The problem:
Output all entries exactly as they appear and skip the pictures.

Caption-style text data
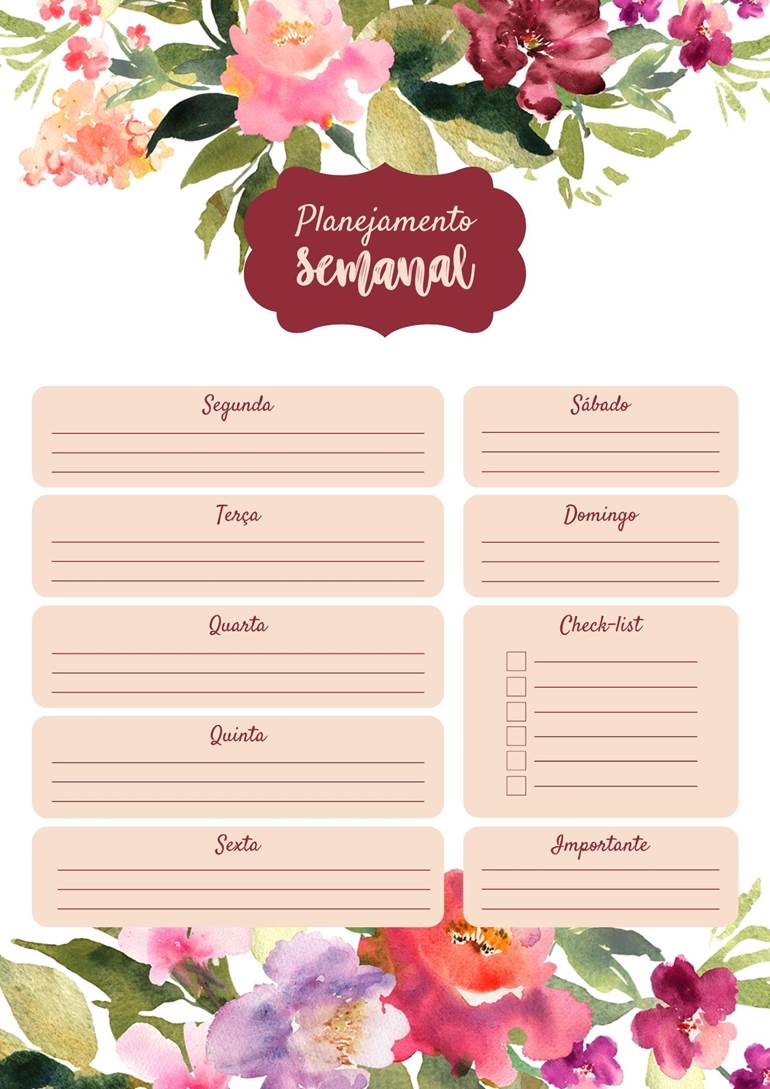 Planner semanal grátis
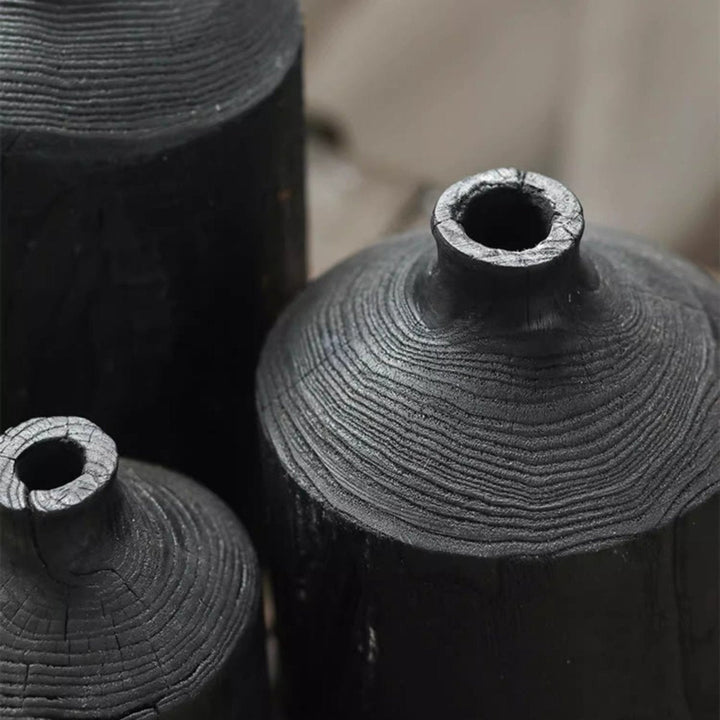 Black Wooden Vase Narrow Neck Decorative Bottle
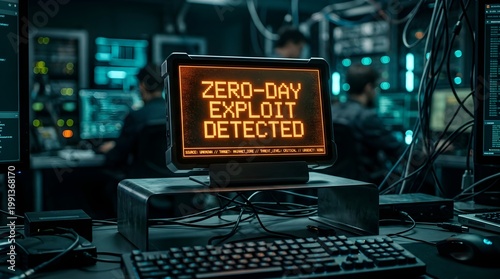 Critical zero-day exploit detected on a prominent screen in a busy, dark operations center, highlighting advanced cyber threat response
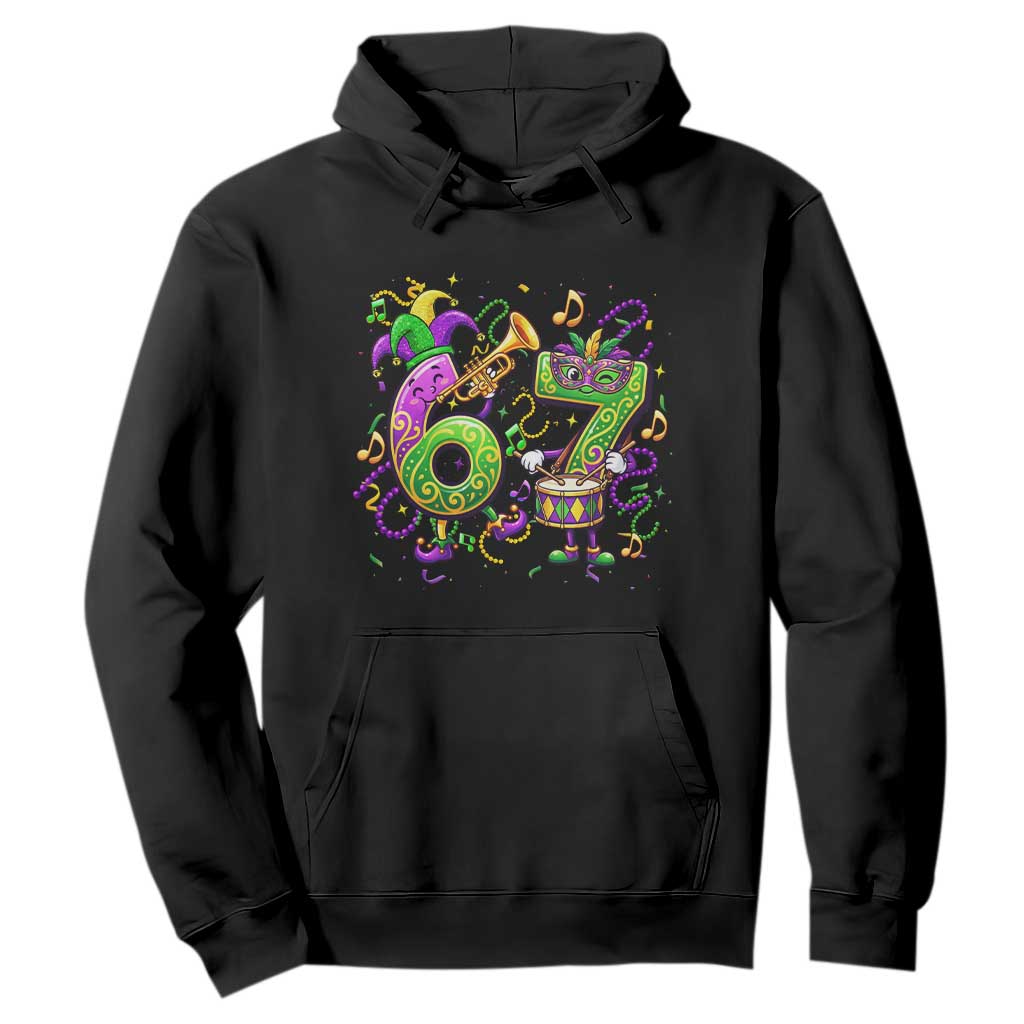 67 Mardi Gras Meme Hoodie Funny Six Seven Carnival Party TS14 Black Print Your Wear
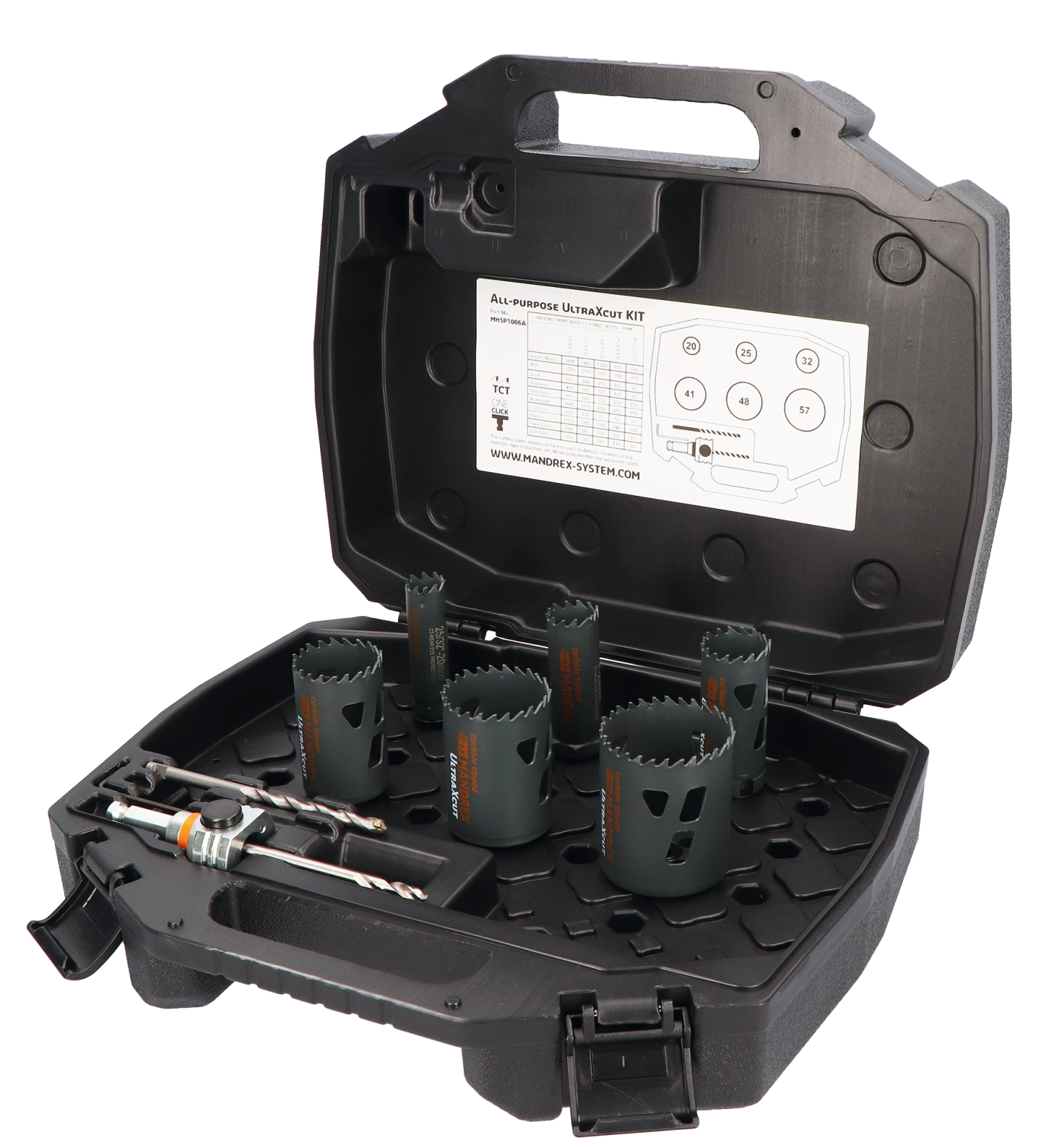 Mandrex Loodgieterset UltraXcut TCT MHSP1006B 19mm-68mm zeskant 8,5, 10-delig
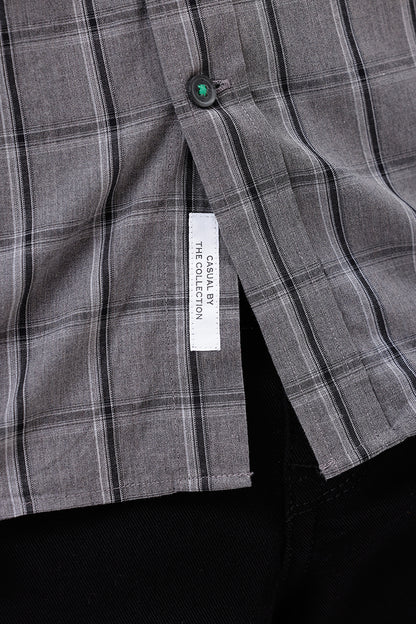 GREY MELANGE COTTON CHECK SHIRT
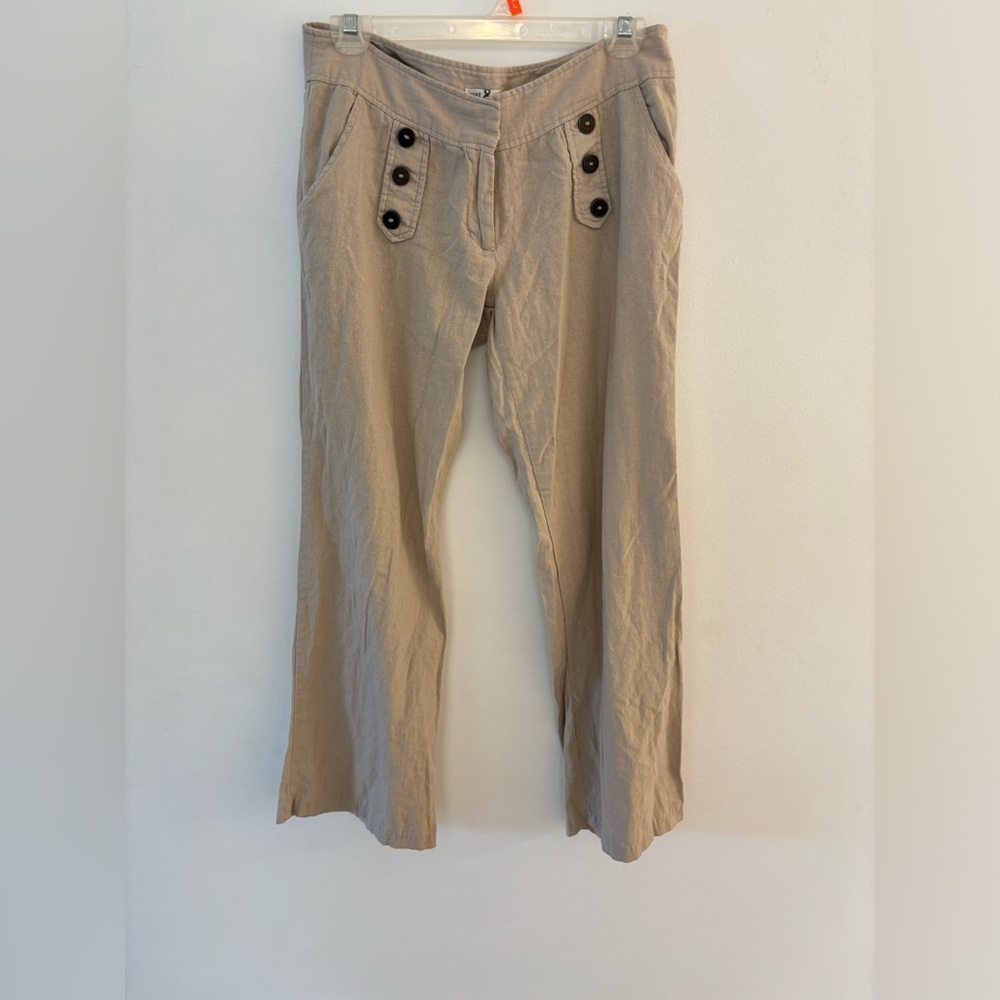 55% Linen Wide Leg Pants, Have & Have, Beige/Khaki, Size Large Lightweight flowy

Response below:
 Planner semanal grátis
 Black Wooden Vase Narrow Neck Decorative Bottle
 Critical zero-day exploit detected on a prominent screen in a busy, dark operations center, highlighting advanced cyber threat response
 67 Mardi Gras Meme Hoodie Funny Six Seven Carnival Party TS14 Black Print Your Wear
 Mandrex Loodgieterset UltraXcut TCT MHSP1006B 19mm-68mm zeskant 8,5, 10-delig
 GREY MELANGE COTTON CHECK SHIRT
 55% Linen Wide Leg Pants, Have & Have, Beige/Khaki, Size Large Lightweight flowy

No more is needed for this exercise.